Extracted material:
● ● ●

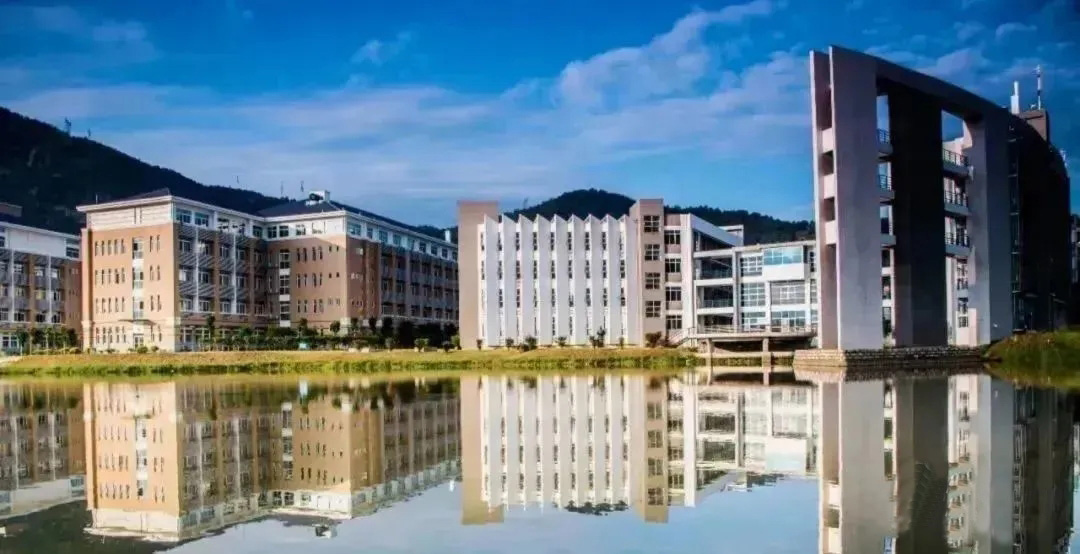 <b>閩江學院聯(lián)合麒麟方圖打造智能會議新形態(tài)</b>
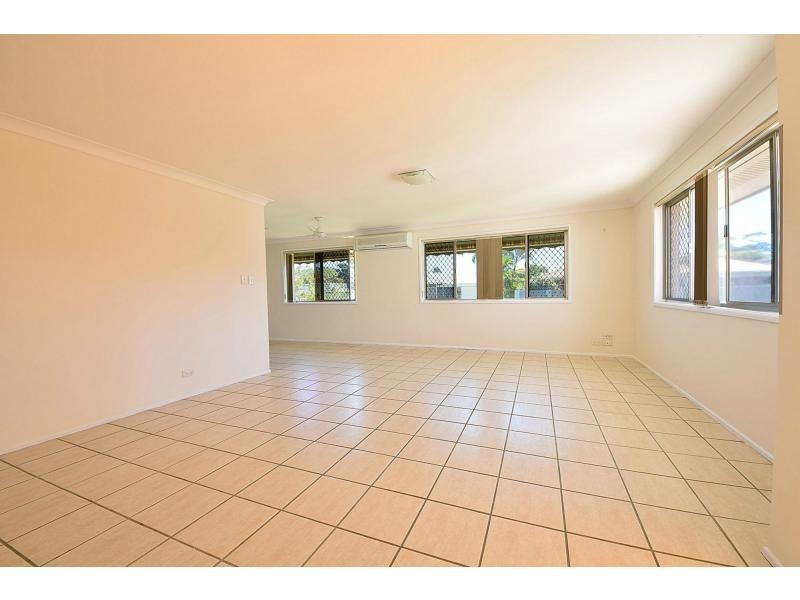 28 Dabchick Drive, Burleigh Waters QLD 4220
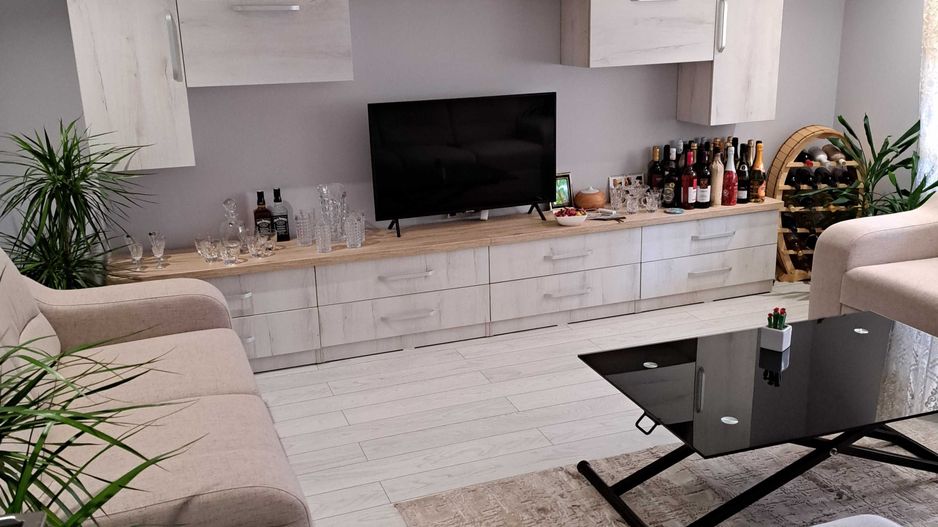 Vând apartament cu 3camere - Poză 8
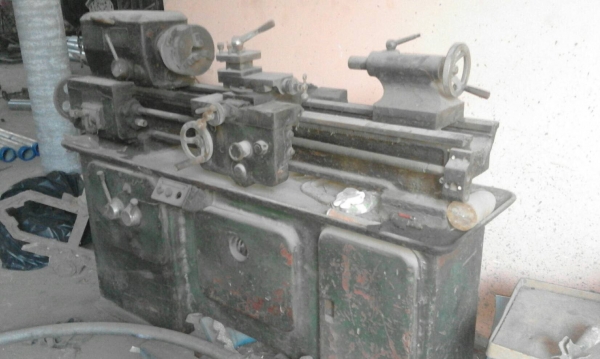 ขายเครื่องกลึงตั้งโต๊ะ4.5ฟุต2เพลาเก่าเก็บเกียร์บล็อกครับราคากันเองนะ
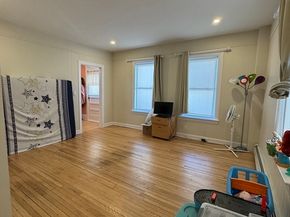 92 Maverick St, Fitchburg MA 01420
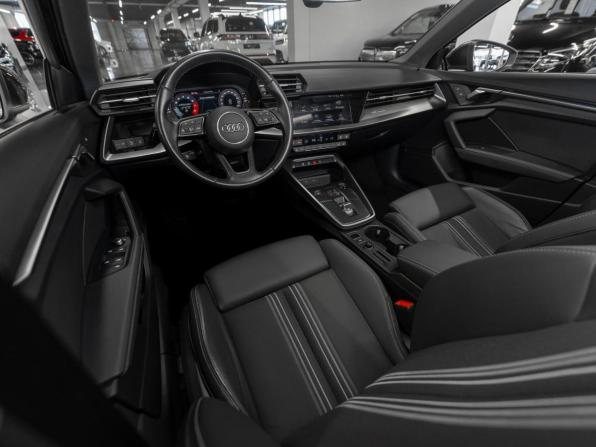 Audi A3 IV (8Y) Рестайлинг с пробегом 2022 года, цена 2 760 000 рублей, 48889 км, седан, Автокод Объявления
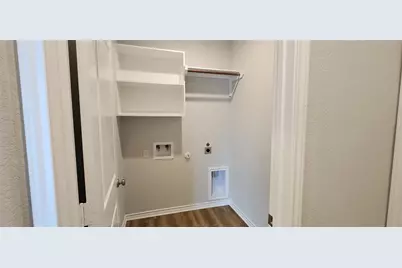 136 Los Olives Lane, Liberty Hill, TX 78642 - Photo 5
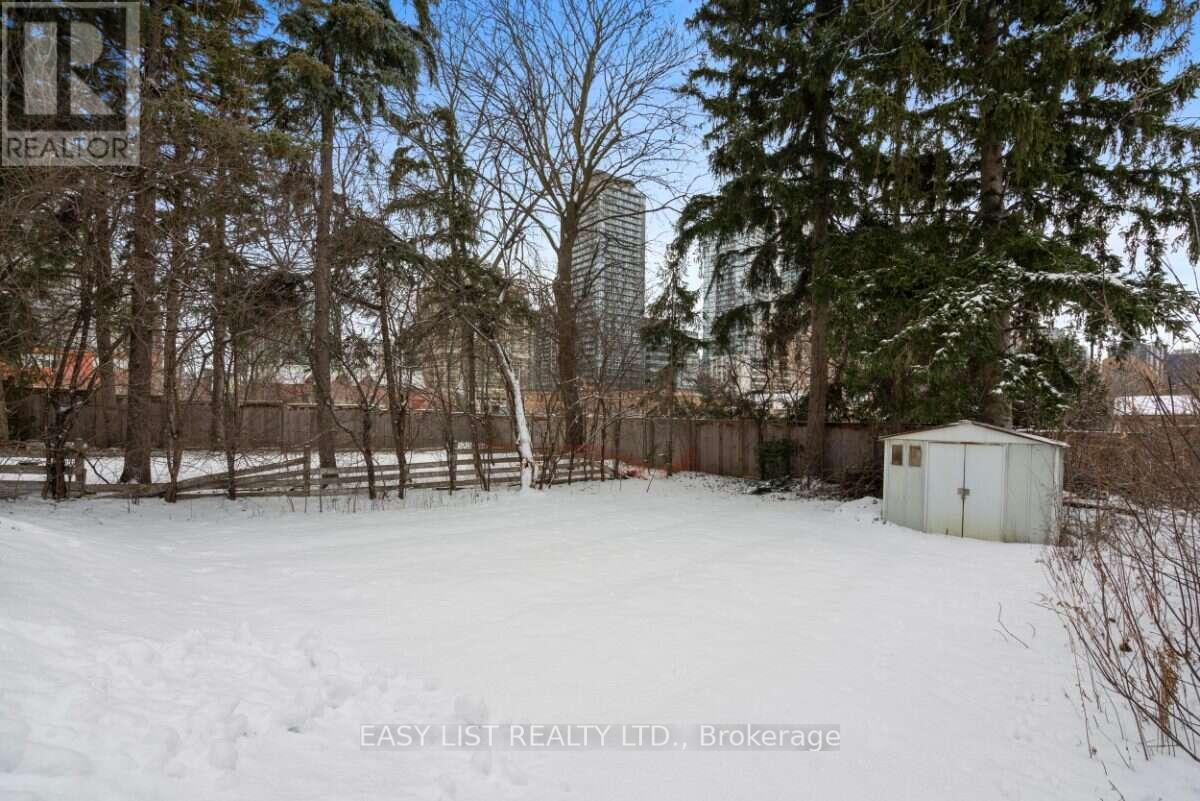 39 CHURCHILL AVENUE - 16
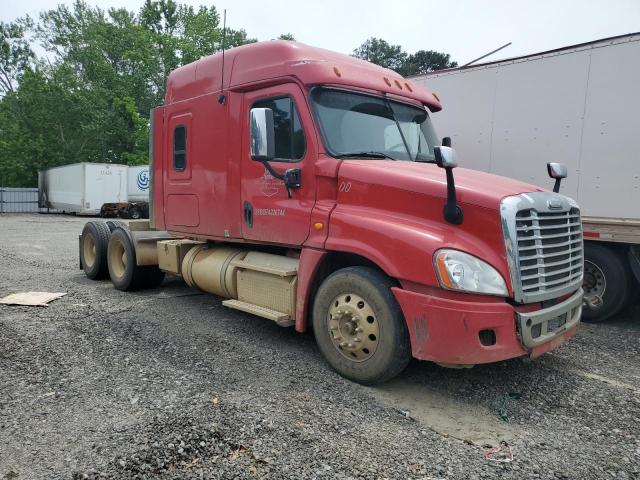 2016 FREIGHTLINER CASCADIA 1, null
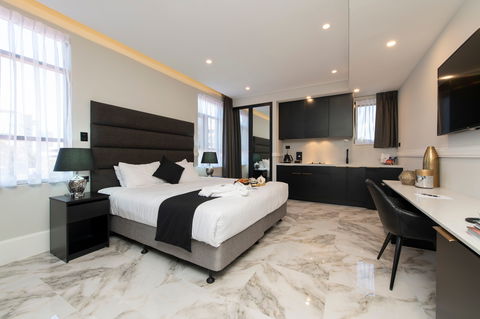 Holiday Inn Stes Parramatta Mar - Accommodation Broadbeach 8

● ● ●

About this task: Retype each of the entries above exactly as it appears, with no pictures.

Reply to the exercise:
 <b>閩江學院聯(lián)合麒麟方圖打造智能會議新形態(tài)</b>
 28 Dabchick Drive, Burleigh Waters QLD 4220
 Vând apartament cu 3camere - Poză 8
 ขายเครื่องกลึงตั้งโต๊ะ4.5ฟุต2เพลาเก่าเก็บเกียร์บล็อกครับราคากันเองนะ
 92 Maverick St, Fitchburg MA 01420
 Audi A3 IV (8Y) Рестайлинг с пробегом 2022 года, цена 2 760 000 рублей, 48889 км, седан, Автокод Объявления
 136 Los Olives Lane, Liberty Hill, TX 78642 - Photo 5
 39 CHURCHILL AVENUE - 16
 2016 FREIGHTLINER CASCADIA 1, null
 Holiday Inn Stes Parramatta Mar - Accommodation Broadbeach 8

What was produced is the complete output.